Coinciding with Lichtenstein: A Retrospective at the Tate Modern, The Culture Show is featuring Roy Lichtenstein, the American pop artist best known for recreating, or plagiarizing according to some, comic book panels.
Host Alastair Sooke examines his seminal work, Look Mickey (1961):
Here, as if from nowhere, were the hallmarks of his pop style, signature look: flat colors, restrained palette, bold outlines, and actually the use of dots as well to mimic mechanically reproduced imagery. The kind of stuff you’d see in pictures, in newspapers, in magazines. And by doing that, by imitating the real world everyday culture, he was bringing reality into the realm of fine art in a way that the abstract expressionists hadn’t done before him.

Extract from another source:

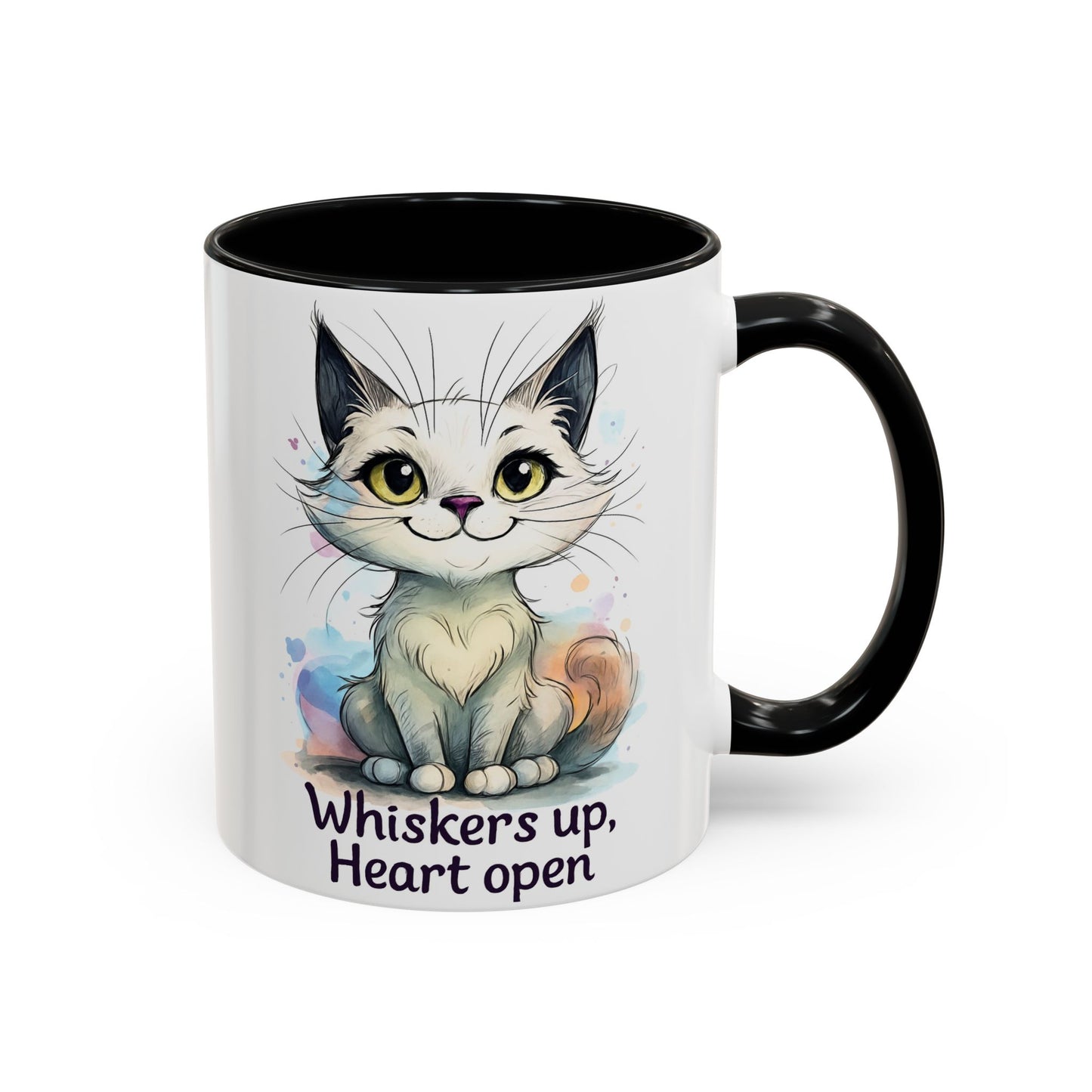Cute Cat Coffee Mug | Whiskers Up Heart Open | Cat Lover Gift | Pet Lovers | Fun Drinking Mug | Unique Home Decor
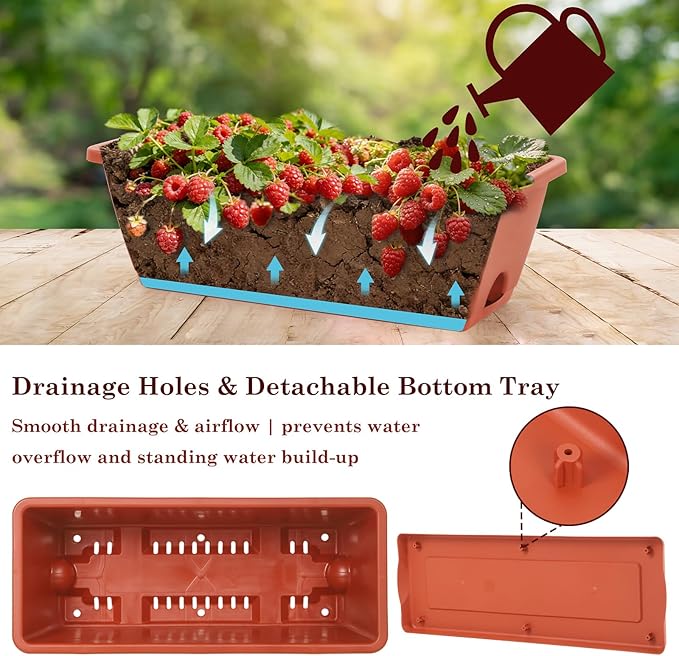 OYEAL Hanging Flower Pots for Railing Fence Outdoor Window Boxes Planter with Adjustable Hooks, Set of 2 Deck Rail Planters with 6 Detachable Plastic Planter Boxes, Drainage Holes, Brick Red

On Palatinate, Suzanne Lithgo adds:
What differentiates Lichtenstein from his contemporaries is that he interpreted reality. Andy Warhol depicted reality as it was, by using brand items like Coca Cola and Campbell’s soup, and icons like Marilyn Monroe. However, Lichtenstein used common items without branding, and gave his characters generic names, such as Brad in his ‘Masterpiece’ painted in 1962. This painting, taken from a comic strip and altered by Lichtenstein, perhaps pre-empted Lichtenstein’s future success as an artist. In the same year Lichtenstein had his first one-man show in the Leo Castelli Gallery in New York and would soon have the city clamouring for his work.
Sooke also points out the seeming lack of identity in a Roy Lichtenstein self-portrait that consists of generic items like no-name t-shirt and plain looking mirror against a largely blank background, yet it’s instantly recognizable as a Lichtenstein.
“You could define the paradox of his paintings as Lichtenstein’s law,” says Sooke. “When an artist creates an unmistakable style by appearing vanish into thin air.”